Obama has resisted supporters' calls to find his "killer instinct" and "go for the jugular." They miss the point. Obama really does want to do things differently. He understands that old school manhood translates into old style politics and visa versa. Whatever legitimate criticisms can be made about some of Obama's positions, his conduct signals an effort to expand the definition of masculinity away from suspicion and isolation and toward trust and collaboration. For growing numbers of voters, being willing to talk with our enemies (now central to the Bush administration's diplomatic strategy) is seen not as a naïve flaw but as a quiet strength.

As gender's role as a force in the campaign has unfolded, a new political reality has emerged: "kinder, gentler" expressions of masculinity are being viewed positively. Mean-spirited representations, as evidenced by Gov. Palin's snarly attacks, rather than attracting Hillary Clinton's supporters, aren't getting much traction. Among the electorate those most excited about her candidacy -- portraying Dick Cheney in a dress -- are Tina Fey and her writers at "Saturday Night Live."

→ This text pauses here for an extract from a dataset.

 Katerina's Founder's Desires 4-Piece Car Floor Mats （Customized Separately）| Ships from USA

By contrast, remember Sen. Biden's emotional moment at his debate against Gov. Palin? There was a time (think Sen. Edmund Muskie crying in New Hampshire 40 years ago) when a display of such feeling by a man would have been seen as a game-changing moment of weakness. Biden's moment only made him seem more human and, when commented on at all, elicited a positive response. Clearly, ideas about manhood are changing. It's about time. (In case you've forgotten, the Delaware senator choked up for a moment while recalling his life as a single father 35 years ago in the aftermath of his wife and baby daughter dying in an automobile accident that also seriously injured his two young sons). Notably, Gov. Palin didn't acknowledge Biden's tender moment. How old school male. Imagine what the response would have been if the roles had been reversed?

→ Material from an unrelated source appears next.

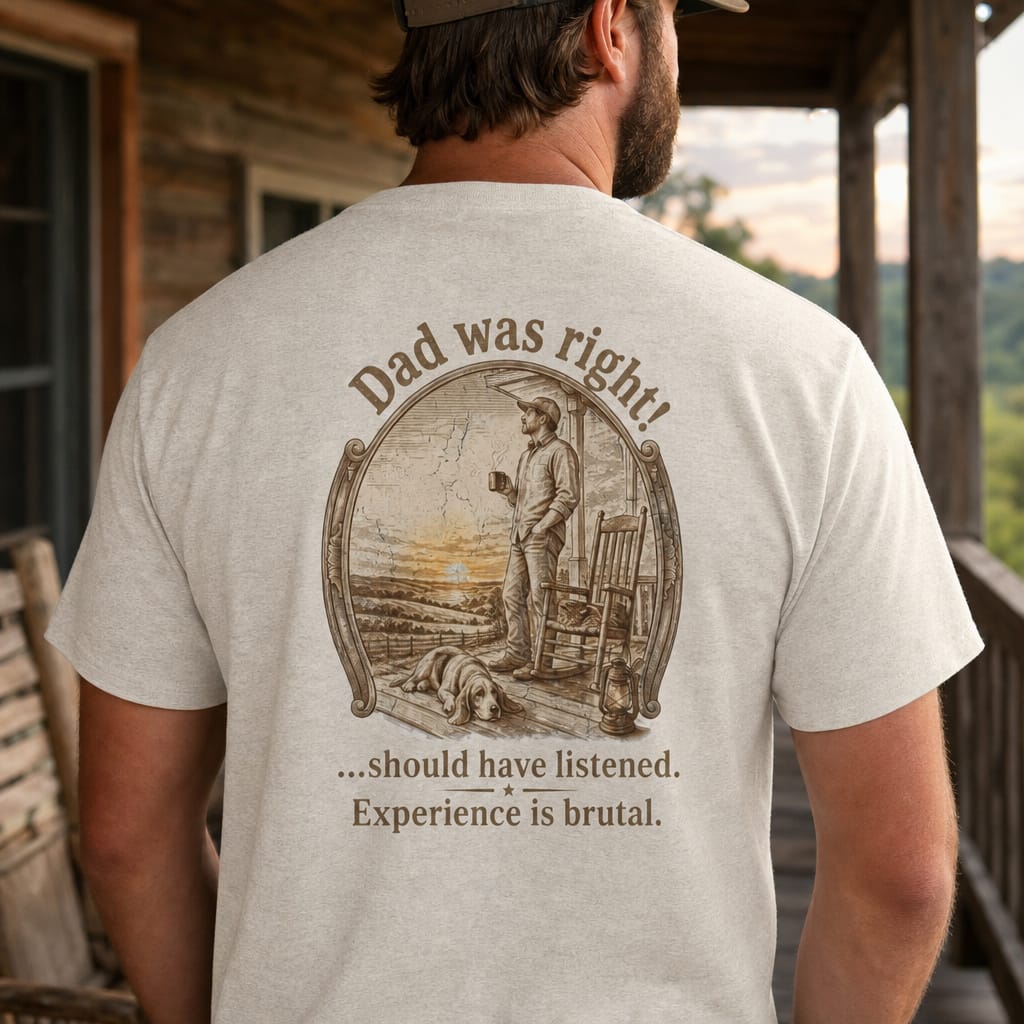 Dad was right! : Father's Day | Tee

All of the vital issues facing the nation -- from civil liberties to global warming, from finding a way out of the financial morass to ending two wars -- have been directly impacted these past eight years by the old style masculinity practiced by the president and much of the senior members of his administration. The now laughable image of George ("Mission Accomplished") W. triumphantly striding in his flight suit across the aircraft carrier deck, may be one John McCain longs to reprise, but it is the polar opposite of the brand of manhood Obama and Joe Biden are symbolizing. And lest some presume that a "new masculinity" is only something Obama is embodying, consider this: That at 65, Biden, a white, senior, respected Senate leader, is willing to play second fiddle to his younger, African American colleague, communicates volumes about what's possible in redefining masculinity.

Women have long asked the question: "Is it possible for more men to grow and change?" For them, and for all voters, this campaign season offers a simple, clear answer: "Yes, we can."